Dismiss Notice
Join Physics Forums Today!
The friendliest, high quality science and math community on the planet! Everyone who loves science is here!

Introduction to programming

  1. Jun 20, 2012 #1
    Okay forgive me because i am completely new to programming - as i am going to ask some possibly stupid questions:
    How is a computer language like python, java created? Who creates them? Is Word,Excel created using python, java etc?
  2. jcsd
  3. Jun 20, 2012 #2


    User Avatar
    Science Advisor

    Hey jd12345.

    These are not as stupid as you think, so don't think of yourself that way.

    Typically what happens is that you first have to create your original compiler which is usually something like an assembler that takes mneumonic op-codes and compiles it to native language that your operating system can understand.

    You have an operating system that implements a basic interface for working with the hardware of your computer. It also includes a lot of tools for doing things like managing memory, file management and so on. Today's operating systems are very complex and are very big in terms of code and functionality and implement a lot more higher level routines than the days of DOS.

    So with your operating system and your compiler which runs in the OS environment, you then create code in your first compiler to implement something more complex. For example you create a C compiler in something like assembler language, and that becomes your compiler for C.

    Then you can take that compiler and create even more things like Java, C++, Python and so on. This concept is known as bootstrapping in programming and is very common.

    Typically, a lot of things that need speed are written in something like C or C++ because the compilers are highly optimized nowadays and can create really good code.

    Also you might be interested to know that sometimes, people create new compilers in their own language! So lets say you have a C-compiler written from an assembler compiler. You can now create a new C-compiler with C-code! This kind of thing is also done more than you think.

    Things like Word/Excel are usually done in high-level environments like .NET, or done in environments like C++ with a lot of developed libraries. Most software done nowadays has many libraries that the developers don't specifically write themselves and what that translates into is getting a lot of complex stuff done quickly based on the work of the people that created the libraries.

    Each application has its own language and features, but each are written in different languages for a variety of purposes.

    Java is good because you can run it on many OS platforms and you don't have to change the code at all. C++ is good because of its features and because the compiler creates really fast code.

    Usually developers want to create applications in common operating systems (which is why lots of programs are written for MS Windows) and also in environments that allow them to develop the software as quickly as possible. This translates into things like a lot of libraries (including in-house and 3rd party) and things like .NET platforms. There is no one answer, but these are good guidelines.

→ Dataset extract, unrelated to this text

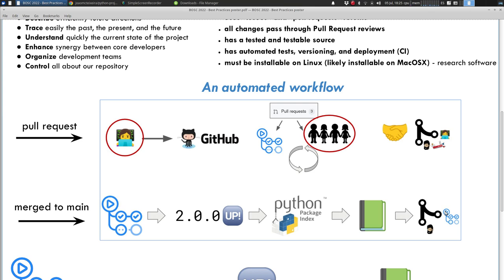We are going to see how we can integrate all those things together automatically, so that the burden on the developers is reduced, so that developers can focus only on the code without needing to worry about what is called the continuous integration process.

    If you want to know specifics, go to the creators website and see what language something is developed in.
  4. Jun 20, 2012 #3
    Computer looks like a magic box to me at the moment - i have no idea how it works fundamentally. Do they teach at undergraduate level that how a computer actually works at the deepest level?

    And what approach should i take while learning programming for the first time? Should i just learn the computer language without knowing how it works?
  5. Jun 20, 2012 #4


    User Avatar
    Science Advisor

    Well you have hardware and software levels and each level has its own sub-levels and so on.

    The lowest level for software is machine-language and the native instruction set for the platform. Each platform has its own instruction sets, architecture design, memory model, and so on.

    Everything in terms of software is built on top of this and with modern programs and operating systems, we are talking millions upon millions of lines of code in something like C or C++ (many millions) especially for operating systems.

    The main way a computer works is that the code is executed top-down where instructions get processed in a sequential order and that the execution responds one execution at a time. There are architecture issues to take into account but this is the basic model. Basically you have an instruction pointer that changes based on the previous instruction and you execute each new instruction.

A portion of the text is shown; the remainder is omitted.